"We created a parallel universe"


Sebastián Borensztein has just returned from Mexico, where he was shooting his second movie -Sin memoria (No memories), a psychological thriller that will be released next year –with first-world production requirements. Clarín leaves a couple of messages on his voicemail. The response is a little bit later, including apologies. “I’m really sorry: I didn’t hear the phone ring, I was working out.” His kindness, without any demagogy, unusual in the show business world, will last for the whole conversation. How did you get to shoot in Mexico, with a cast from that country?
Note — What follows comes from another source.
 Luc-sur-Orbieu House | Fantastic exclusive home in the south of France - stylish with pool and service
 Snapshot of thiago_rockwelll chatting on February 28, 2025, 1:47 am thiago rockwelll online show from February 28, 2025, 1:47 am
It was really crazy. In 2000, we had an idea for a Tiempo Final ‘s chapter (series created with his brother Alejandro) which I felt could be more explored. We started developing this project, but ended up as a draft. Five years later, producer Ben Odell (La mujer de mi hermano) watched my opera prima, La suerte está echada, at the Latin Cinema International Festival in Los Angeles and called me. We started a phone relation and, later on, we came up with the idea of making a movie. This is how I got that idea back. Now it’s being post-produced.

Was it significantly modified along the way?

Yes. There were several flaws on the script. We worked on it with Ben, long distance, for a year: we wrote 21 versions. The modifications had to do with providing it with more American cinema features. In 2007, Ben was awarded the Grand Jury Prize in Sundance, and that placed him on the top of the film industry. He got Televisa’s and Lionsgate’s production. Moreover, there’s an associated Argentinean producer: Verónica Tirone.

Which was the work method? I guess there were more conditioning factors for you than in the film "La suerte..."

I had to go through lots of stages and filters, which are typical of an industrialized system. I was strongly demanded: they asked me every single why for each shot. The idea was to create a commercial movie, without losing the experimental spirit. We did it: the narration has little of conventional, it’s not lineal, with some sort of subjectivity that bring back the memories to the main character. We created a parallel universe, a story that’s placed within a police framework, with known spaces or times. Ben spent hundreds of thousands dollars studying in Columbia; I, by just staying at a hotel, gained all that knowledge.

What’s the story like?

It starts with a man that awakens in a destroyed place and doesn’t understand what he’s doing there. He has to start facing a nightmare he himself created: go over a story in which he, basically, intended to run away with a woman. Characters have a strange morale. No one is good. The movie doesn’t have twists or any implications. Maybe we like the main character, as we “walk together” with him along the story. But he committed terrible actions.

Did you have the freedom to choose actors?

Yes. The decision was to get the best actors in Mexico. I didn’t know the actors from that country very well, but the ones selected persuaded me in the auction. Guillermo Iván Dueñas, who worked in La milagrosa; Martha Higareda, the actress in Amar te duele; Emilio Echevarría, "The goat" in Amores perros. There were also other acclaimed actors, like Pedro Armendáriz.

Armendáriz said: "This movie is a great opportunity to put in a lot of effort together and defend ourselves from the cinema the Americans are bringing to us.” Do you agree?

I consider this movie to be the opportunity to make film grow. We have different visions. Bordering on the States, Mexicans feel a stronger influence from the American industry, which takes away their best talents. In this movie, we worked with Titanic’s technicians; on the set we all spoke English… for an Argentinean director who comes from a country with a small cinematographic industry, the opportunity is unique.

I know you had a detailed pre-production, also actors had to be trained for action…

Iván Dueñas learned everything about ballistics and driving a high-speed bike. Higareda learned to dive really deeply, in difficult situations. I know that as I am a diver. The underwater scenes were shot in Cozumel, in the Caribbean. The interiors were shot in DF, the location shots, in León.

When you made "La suerte...", about a guy considered to be a jinx, they asked you if you were afraid of that bringing you bad luck. You said you didn’t believe in that. It seems now that you were right.

My first movie was highly recognized abroad. It was seen in different festivals, in Toulouse and Trieste. It had a Latin premiere in Paris. Now that I think about my film career as something that doesn’t have a turning back, and you mention this anecdote about my opera prima, I feel it brought me luck indeed. The truth is… lots of luck.